Available data:
* * * * * * * * *

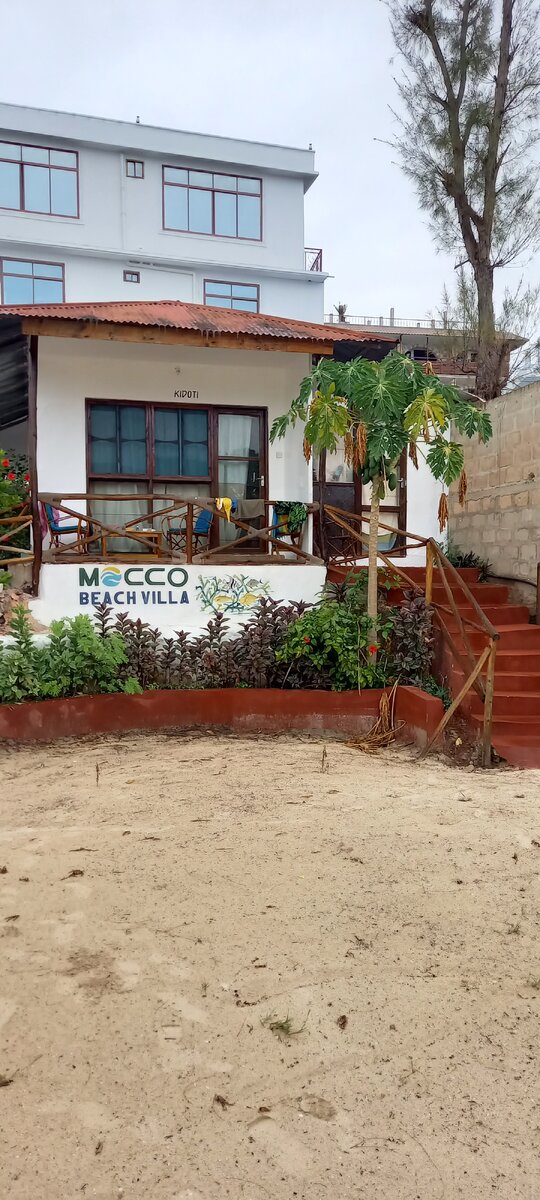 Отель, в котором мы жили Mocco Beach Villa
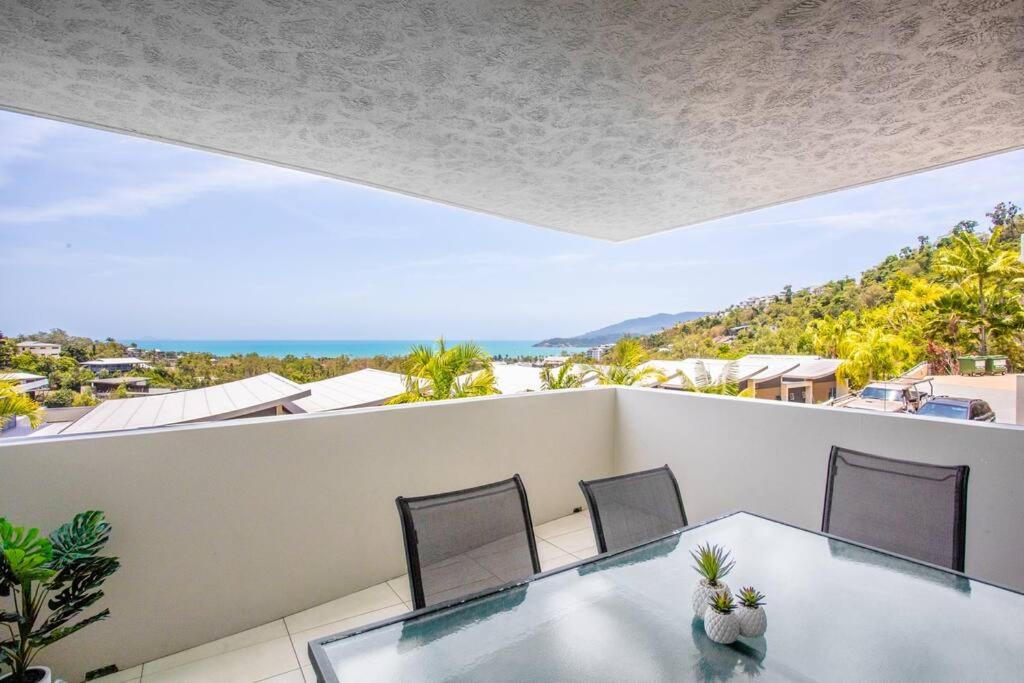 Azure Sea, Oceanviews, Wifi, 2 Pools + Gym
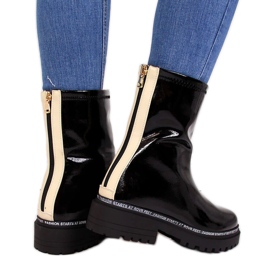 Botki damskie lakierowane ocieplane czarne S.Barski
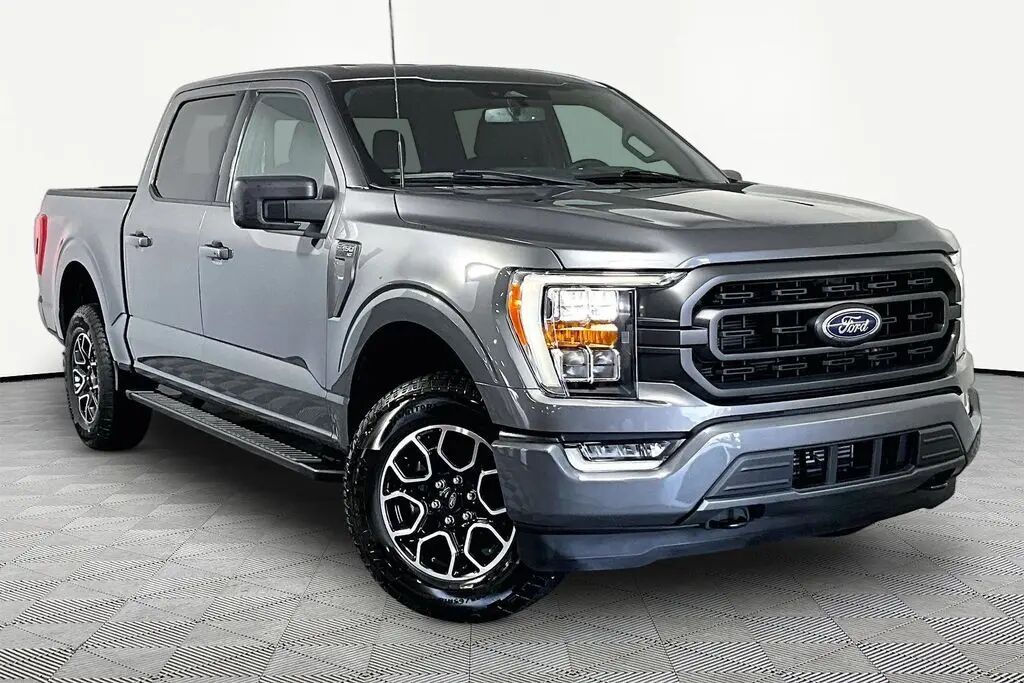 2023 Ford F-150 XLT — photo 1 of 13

* * * * * * * * *

Put each line of the listing above into the copy exactly, dropping the pictures.

 Отель, в котором мы жили Mocco Beach Villa
 Azure Sea, Oceanviews, Wifi, 2 Pools + Gym
 Botki damskie lakierowane ocieplane czarne S.Barski
 2023 Ford F-150 XLT — photo 1 of 13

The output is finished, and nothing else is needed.